(Prompt): Nothing but the lines from the start of the entries below through the line containing "Volvo XC40 B3 PLUS" should appear in the answer, copied exactly and free of pictures.

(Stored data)
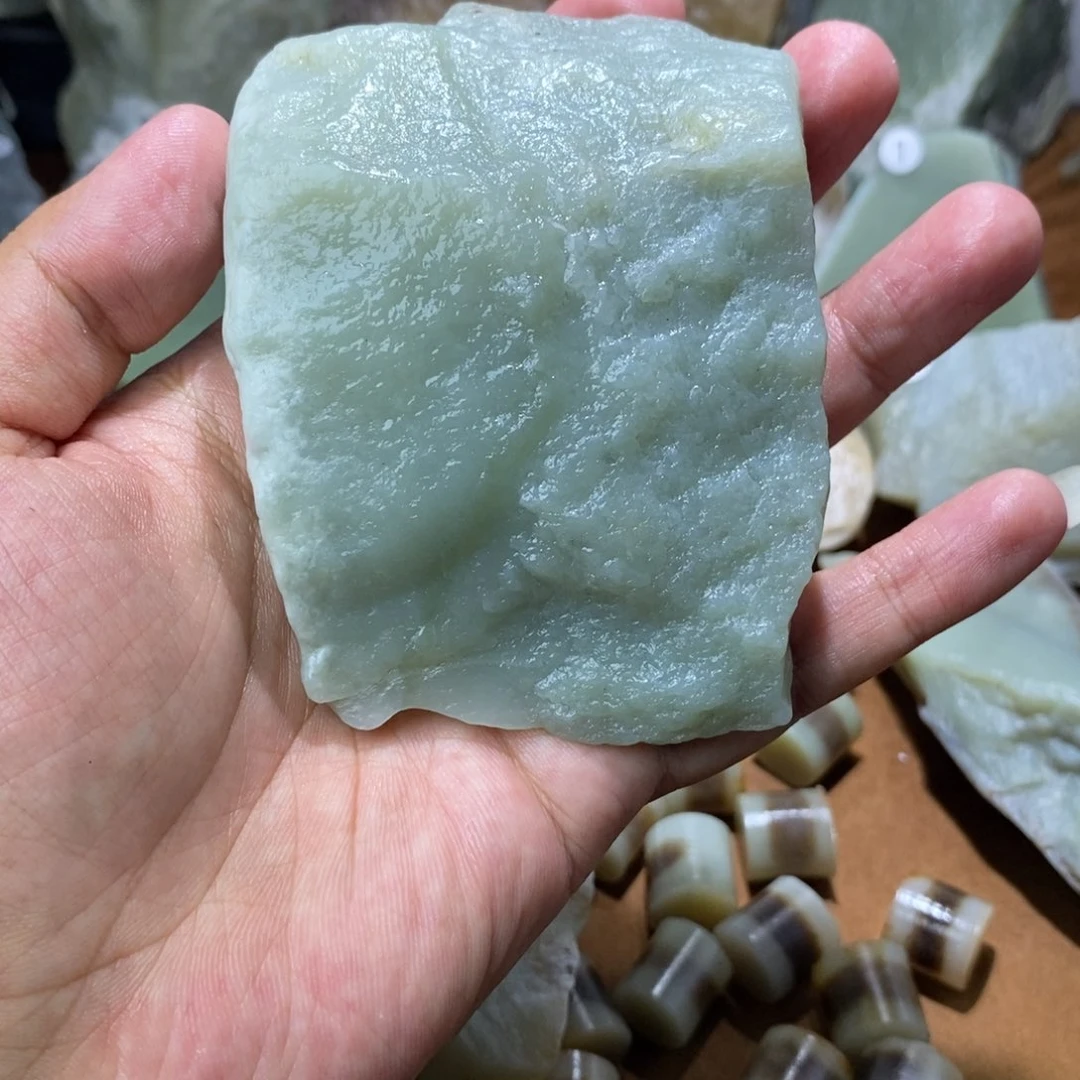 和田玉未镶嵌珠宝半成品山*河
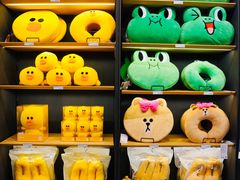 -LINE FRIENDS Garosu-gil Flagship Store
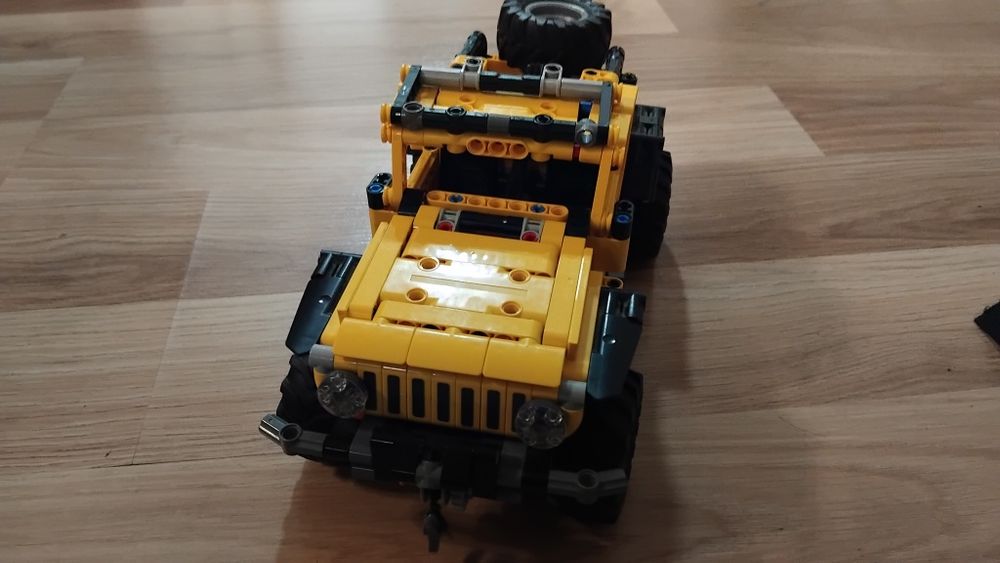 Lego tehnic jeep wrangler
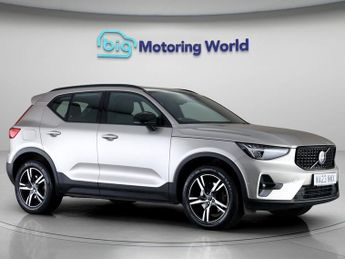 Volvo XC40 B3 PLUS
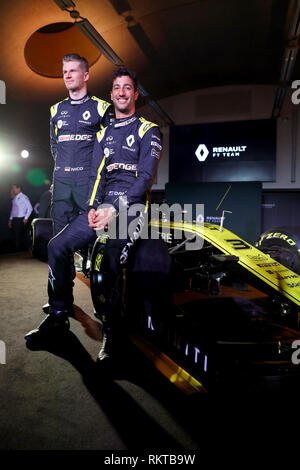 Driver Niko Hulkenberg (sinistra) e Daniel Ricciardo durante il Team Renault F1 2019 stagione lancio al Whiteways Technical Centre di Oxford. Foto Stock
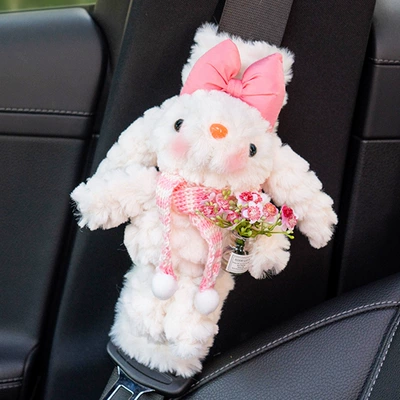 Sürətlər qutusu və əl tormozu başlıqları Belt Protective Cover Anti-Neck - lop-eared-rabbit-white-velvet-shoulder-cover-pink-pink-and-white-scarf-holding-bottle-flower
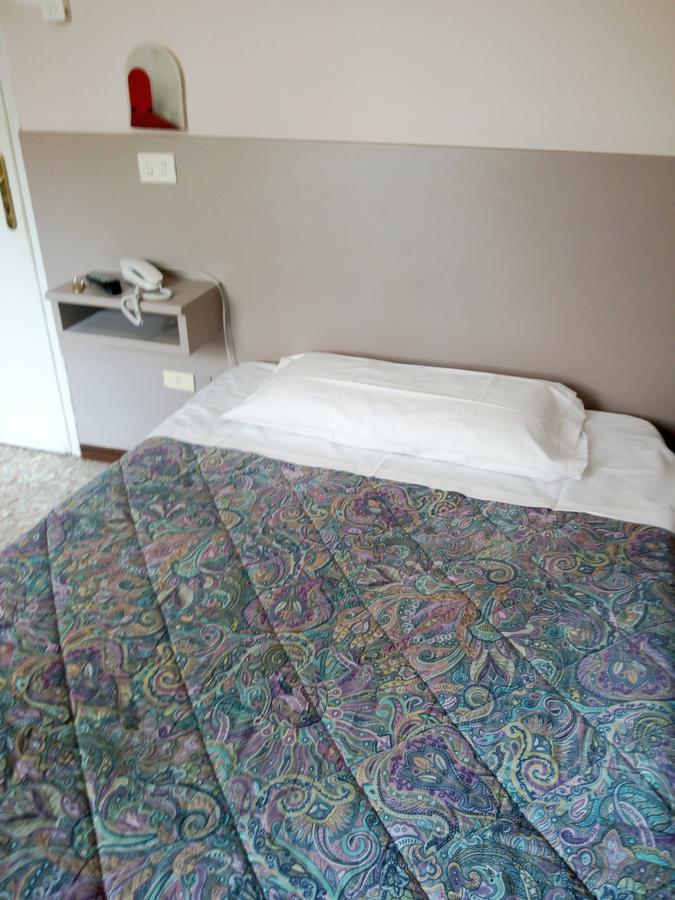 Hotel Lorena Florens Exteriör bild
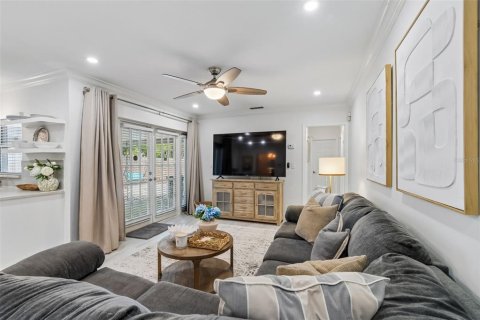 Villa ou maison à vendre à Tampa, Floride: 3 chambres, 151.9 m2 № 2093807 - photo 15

(Solution for this problem):
 和田玉未镶嵌珠宝半成品山*河
 -LINE FRIENDS Garosu-gil Flagship Store
 Lego tehnic jeep wrangler
 Volvo XC40 B3 PLUS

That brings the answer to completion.